[Directions] An exact repetition of the data is required; no picture should appear in it.

____ Provided material

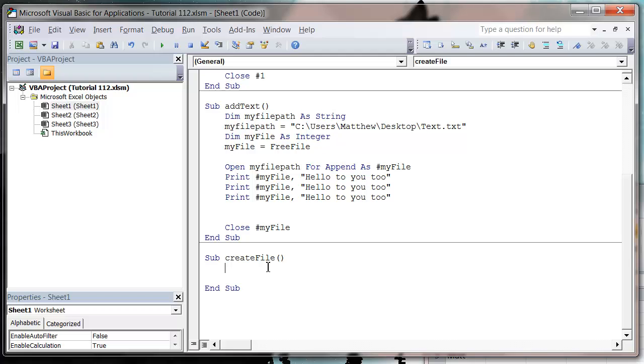Hello everybody and welcome to my 112th VBA 2010 tutorial. This tutorial is going to show you how you would create a new text file and also add some data to it, because otherwise it's a bit of a waste of time.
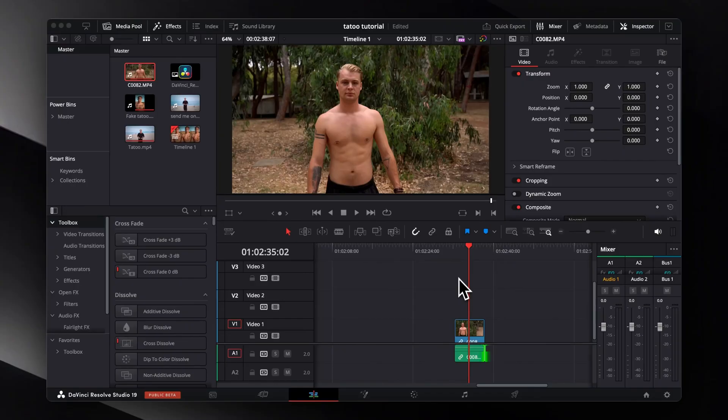We will be working in the Fusion page, but I promise you, this effect is really easy to pull off. So let's start with our tutorial.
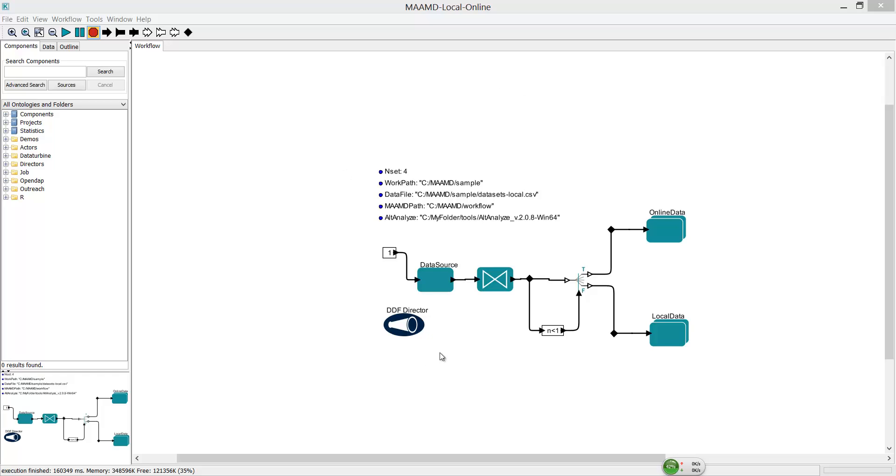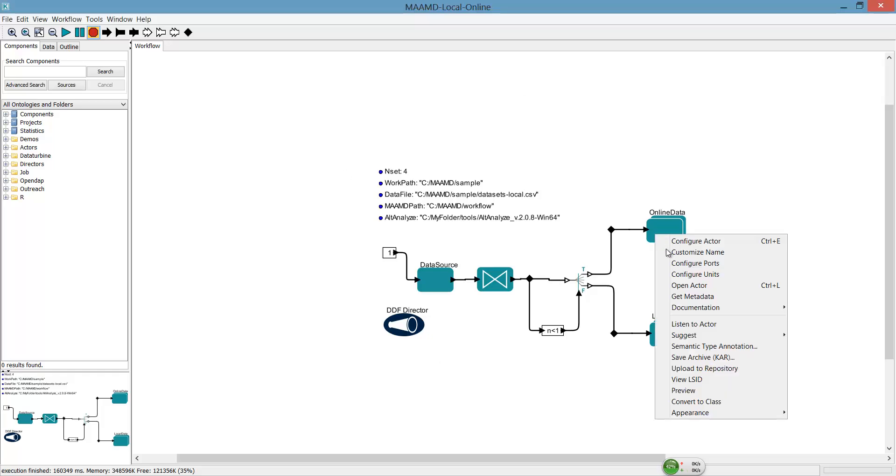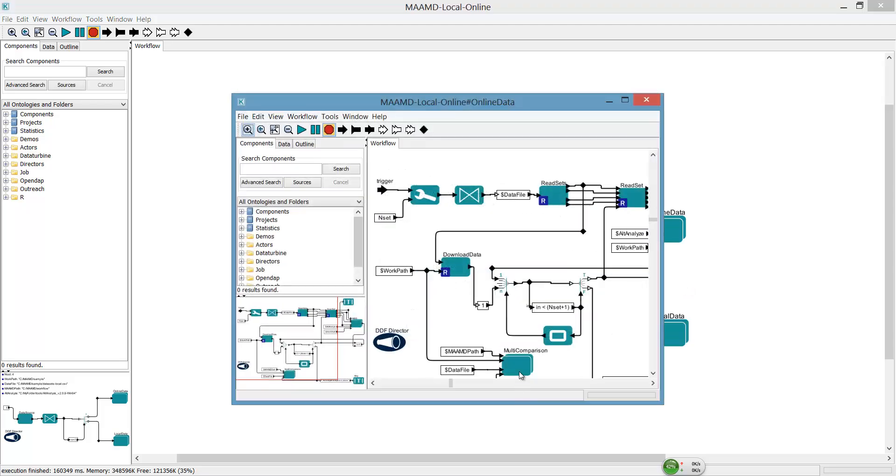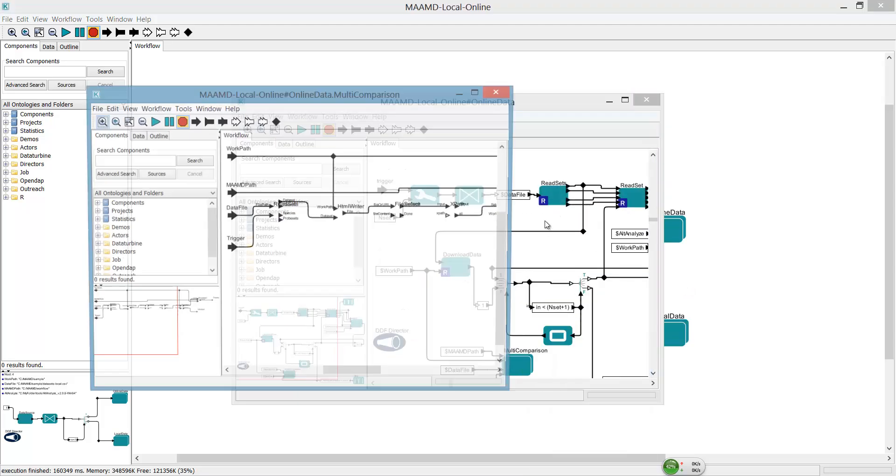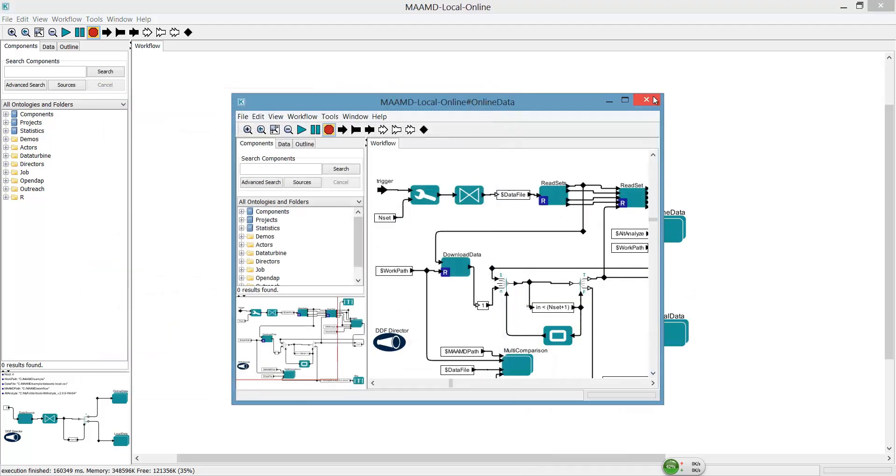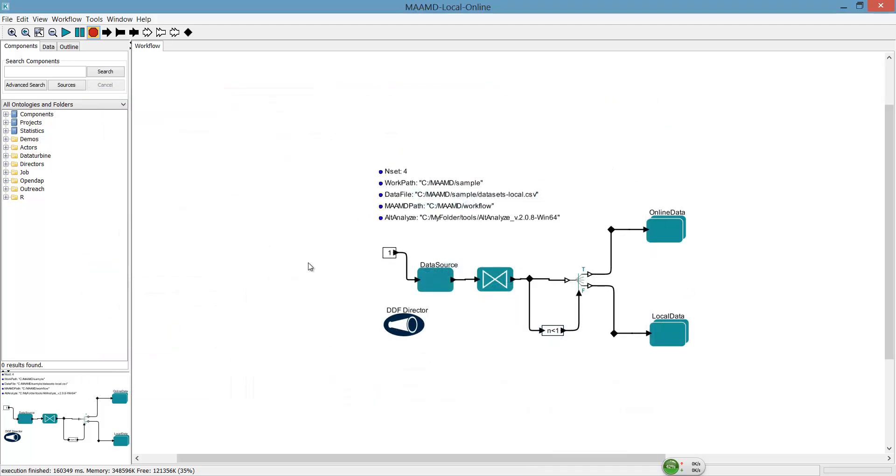This is the MAMD workflow. You can open Actors to see the detailed structure. And you are allowed to modify parameters to fit your computer setting.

________

[Exercise solution]
Hello everybody and welcome to my 112th VBA 2010 tutorial. This tutorial is going to show you how you would create a new text file and also add some data to it, because otherwise it's a bit of a waste of time.
We will be working in the Fusion page, but I promise you, this effect is really easy to pull off. So let's start with our tutorial.
This is the MAMD workflow. You can open Actors to see the detailed structure. And you are allowed to modify parameters to fit your computer setting.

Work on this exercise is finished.